● **WHAT THE TASK ASKS**: Within the records below, how many lines hold the word "Gold"? Only the number should be returned.

● **THE DATA**:
---+---
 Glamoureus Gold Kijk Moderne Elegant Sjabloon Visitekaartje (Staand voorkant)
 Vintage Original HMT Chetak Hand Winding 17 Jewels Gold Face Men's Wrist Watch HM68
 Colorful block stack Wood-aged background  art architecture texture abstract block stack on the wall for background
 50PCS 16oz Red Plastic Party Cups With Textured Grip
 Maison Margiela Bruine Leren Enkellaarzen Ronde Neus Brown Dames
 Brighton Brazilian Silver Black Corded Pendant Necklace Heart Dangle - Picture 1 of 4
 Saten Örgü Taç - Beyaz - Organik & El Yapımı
---+---
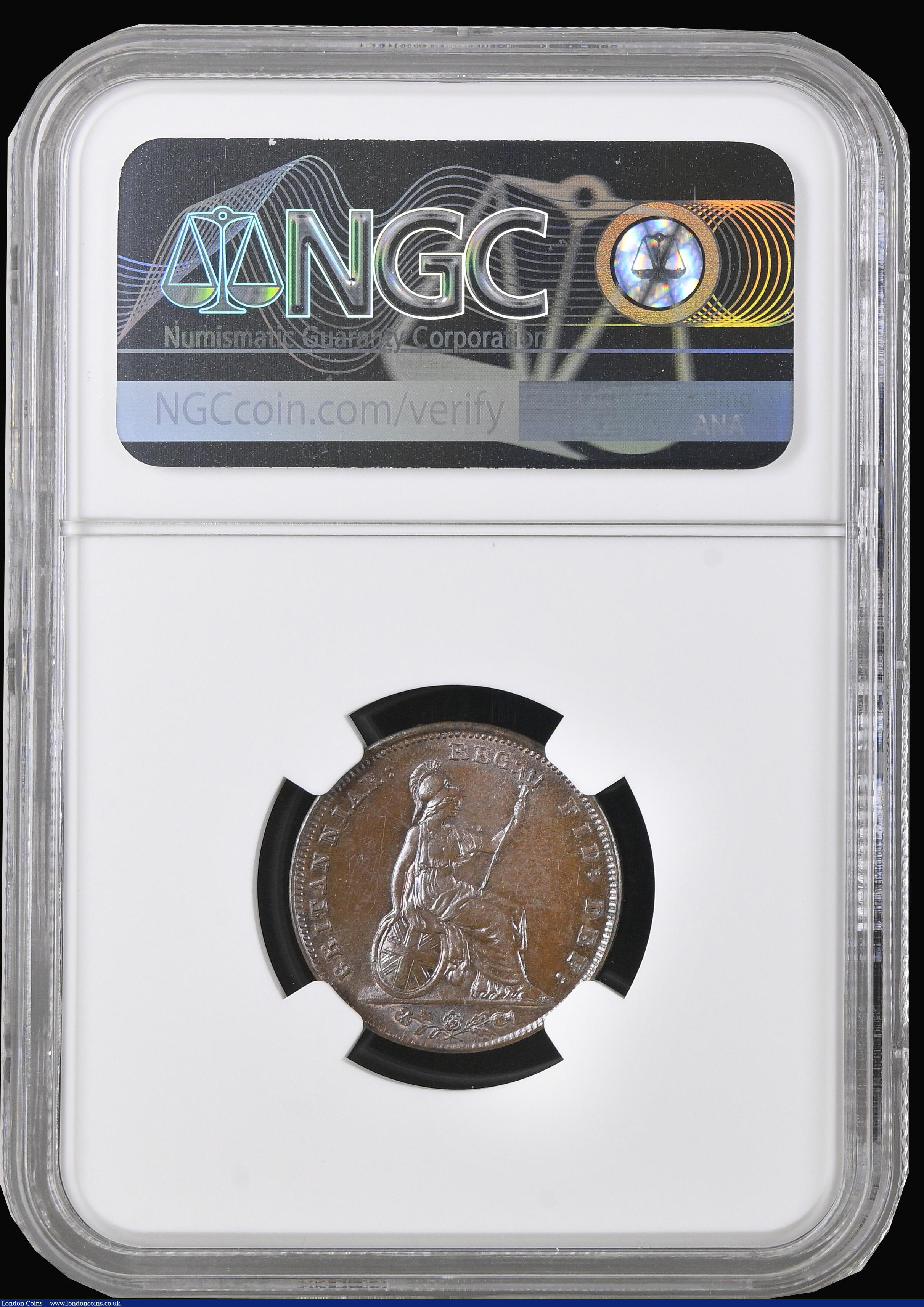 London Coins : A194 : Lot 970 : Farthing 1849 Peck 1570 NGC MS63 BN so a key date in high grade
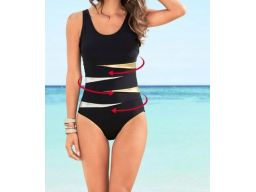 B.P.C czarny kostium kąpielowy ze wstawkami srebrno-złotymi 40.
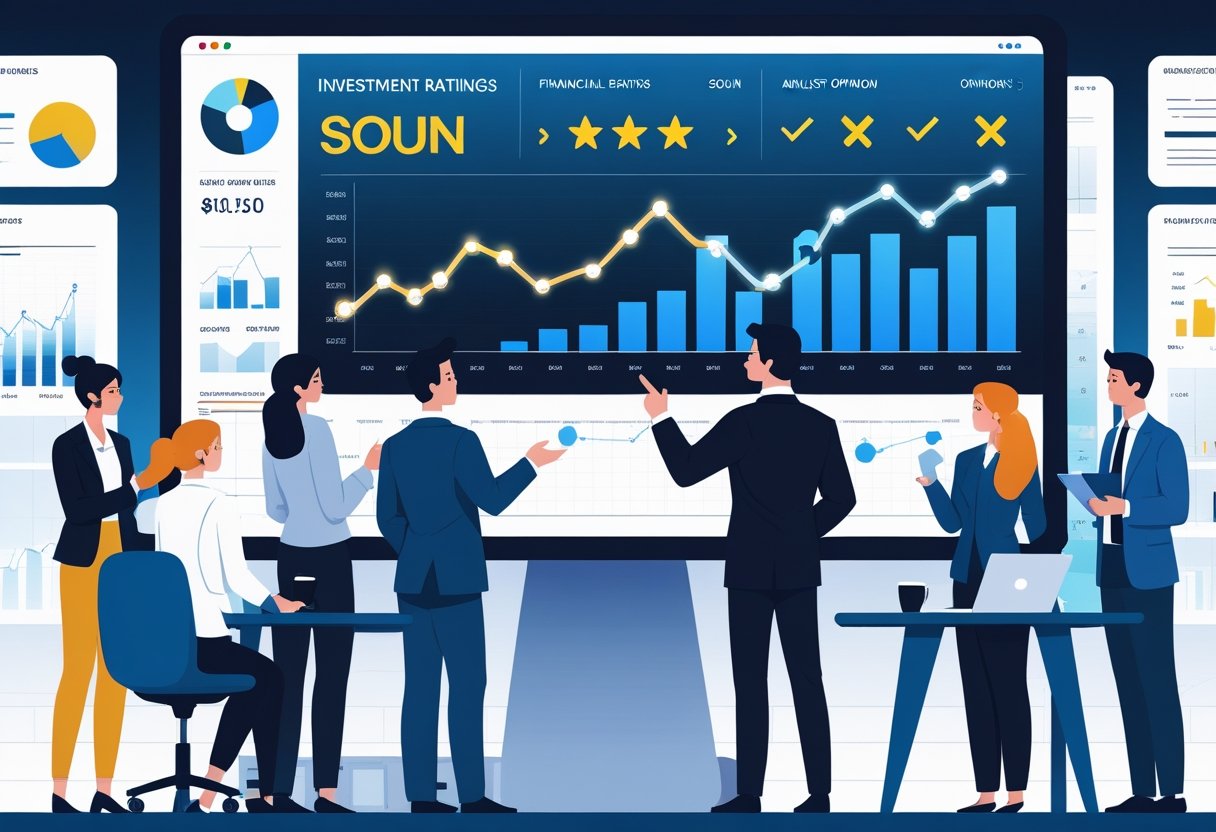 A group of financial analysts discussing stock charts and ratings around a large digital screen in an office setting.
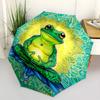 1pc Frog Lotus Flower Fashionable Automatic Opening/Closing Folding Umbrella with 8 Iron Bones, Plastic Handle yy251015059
---+---
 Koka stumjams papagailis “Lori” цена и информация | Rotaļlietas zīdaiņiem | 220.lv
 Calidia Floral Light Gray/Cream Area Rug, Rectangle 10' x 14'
---+---
● **RESULT FOR THIS TASK**: 2